Why Fearless Marketers Are Taking the Revenue-Driver Seat
The customer landscape has changed so quickly and radically over the past several years that to remain relevant, marketers have no choice but to move forward fearlessly. Where once marketers were responsible only for impressions, inquiries, responses, trade show booth scans, and other early stage touches, they are now increasingly being held accountable for more meaningful metrics such as pipeline, revenue, renewal, upsell, cross-sell, customer engagement, and advocacy.
The reason marketing is no longer just about building awareness is that buyers have become allergic to being sold to. For today’s digitally-driven customers, traditional sales equal friction. Increasingly, buyers are avoiding being in your sales pipeline because they don’t want to be “managed.” Rather, they are demanding value-based engagement, and sales have been slow to make the shift.
The upshot is that marketing is lapping sales and becoming the new engine of company growth. But, hey, no pressure. This means that marketing must facilitate a much longer portion of the customer journey, own the end-to-end customer experience, and deliver value at every step.
And that is why we now need fearless marketers—marketers capable of not just building the brand, but also driving revenue and proving value.
Four Fronts for Fearless Marketing
There are any number of ways that a fearless marketer can make a bold and positive impact. Here are four of the most valuable ways.
1. Revenue Tech Stack
It’s easy to get overwhelmed by today’s explosion of technology tools. There are more than 5,000 vendors in the Martech universe alone vying for your attention. Another 700 vendors inhabit the Salestech space, offering tools that frequently overlap in functionality with Martech solutions. As so many users of these systems come to learn when their tech stack is built out, the solutions are often disjointed and the data disconnected. Consequently, it is almost impossible to get a complete picture of the buyer, especially when you add in data from social media, email, and other sources of unstructured information. And the more tools you have, the bigger the problem.
Fearless marketers do not shrink away from this problem; they confront it head-on. Don’t buy tools that are not connected—connect all your software.
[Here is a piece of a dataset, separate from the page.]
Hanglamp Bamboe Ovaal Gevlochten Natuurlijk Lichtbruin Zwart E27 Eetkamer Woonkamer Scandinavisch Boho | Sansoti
Invest in an open platform with robust APIs. Work with partners to effect across-the-board integration of tools, workflows, and data associated with growing your company’s revenue. And ensure you are able to govern your tech assets, as it is data that enables personalization and so much else that is essential to effective marketing in today’s digital world.
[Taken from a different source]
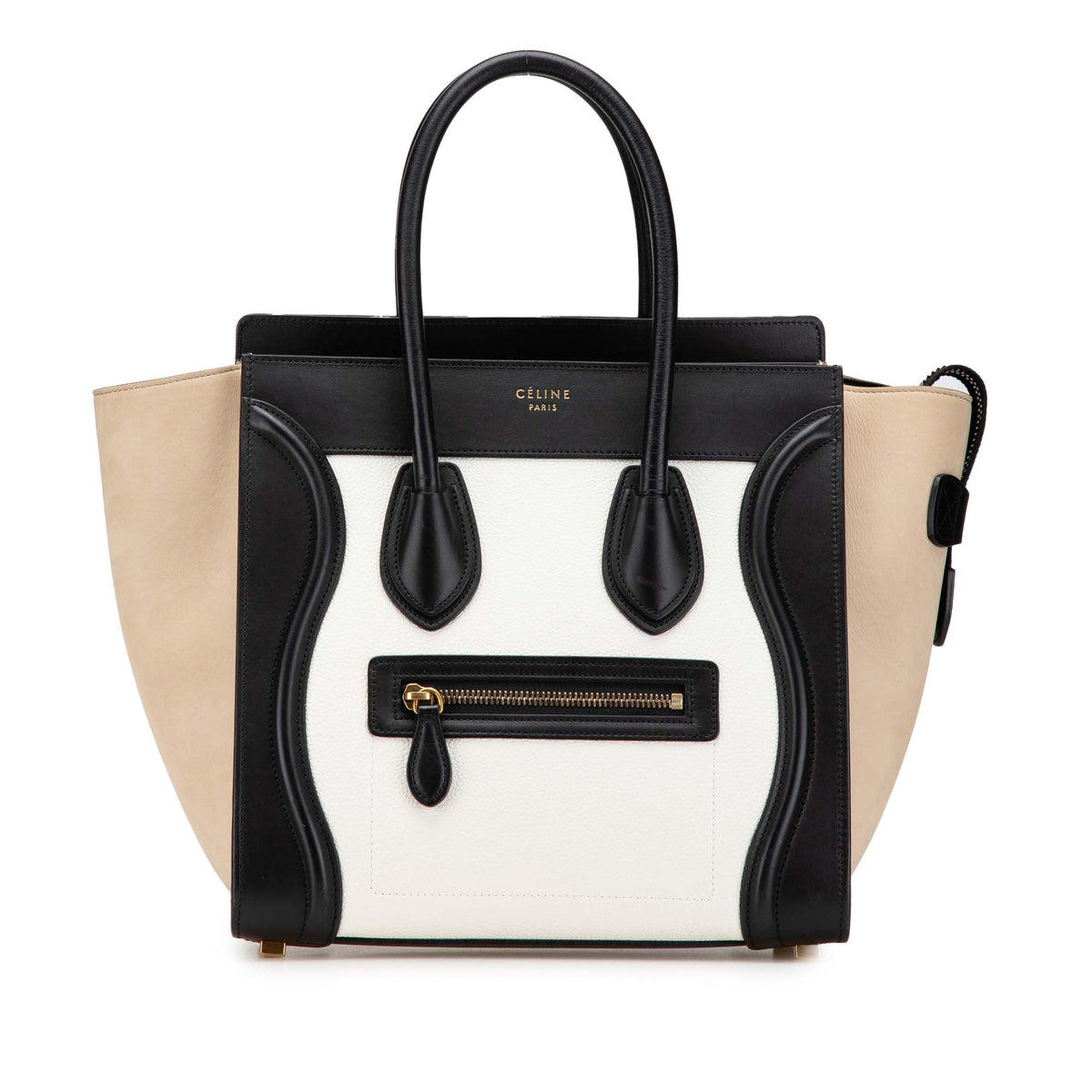 Mini Tricolor Leather Luggage Tote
2. Artificial Intelligence (AI)
We’ve all heard the argument that AI is complex and costly to implement and is often perceived as threatening to jobs. Granted, it is still a great unknown, but its potential is expanding faster than the universe. What better place for the fearless marketer to make a lasting mark? AI will take the load of numerous, data-intensive rote chores off the shoulders of marketing professionals, freeing them to focus more on strategy, content and engagement. AI will also enable personalization efforts to scale effectively across any number of customers and any amount of data. And, in regards to the tech stack, AI can tell us which are the highest performing assets, and even learn enough over time to get to a semi-autonomous state. For these reasons, fearless marketers should move to boldly embrace AI —in small steps at first, to build expertise, and then confidently scale their efforts to any size.
Fearless marketers are not content with status quo. Merely keeping up is not an option. They look around corners for developing trends, innovative tools, and new opportunities to exploit. Now more than ever, marketers need to be continually asking where do I go to learn? How can I improve my skills and those of my team? How can I discover the next new channel and steal the march on the competition? How do I staff my team with individuals who are similarly fearless in the face of rapid change? How can I successfully operationalize the most valuable things I learn? What do I do, with all this new?
4. Sales/Marketing Unification
Today’s buyers are digitally-driven and socially aware. Being at the entry point of the customer journey, marketing has embraced this digital reality and evolved to be where their buyers are. In contrast, sales is still largely a physical game of gut-instinct and face-to-face relationships. But you can’t market digitally and then sell analog. Customers want to continue on the digital path, because it’s generally on their terms and removes friction. It’s up to marketing to help sales along the journey from analog to digital. This means helping sales understand the value of being where their buyers are with regards to digital, social and mobile, and helping sales find new ways of capturing peoples’ attention and triggering their imagination.
Sales needs content that educates and engages at every stage of the buyer’s journey, as opposed to scripts designed for old-school pouncing and pitching. Sales also has to learn how to use socially shareable content, as well as personalizing sales content in the digital realm. That’s not sales, you say, that’s marketing! Yes, the lines between marketing and sales are blurring and the roles are blending.
Although, in most organizations, sales and marketing are still largely siloed operations, the good news is that will change as fearless marketers necessarily champion beyond alignment, and drive for sales and marketing unification. Your customers don’t want to feel like they’re being handed off from marketing to sales, and then to customer service and support. And marketing can’t afford to stand by and watch sales become invisible and irrelevant to the modern buyer. Digital transformation of your selling is needed. Unification is required. So, lead it.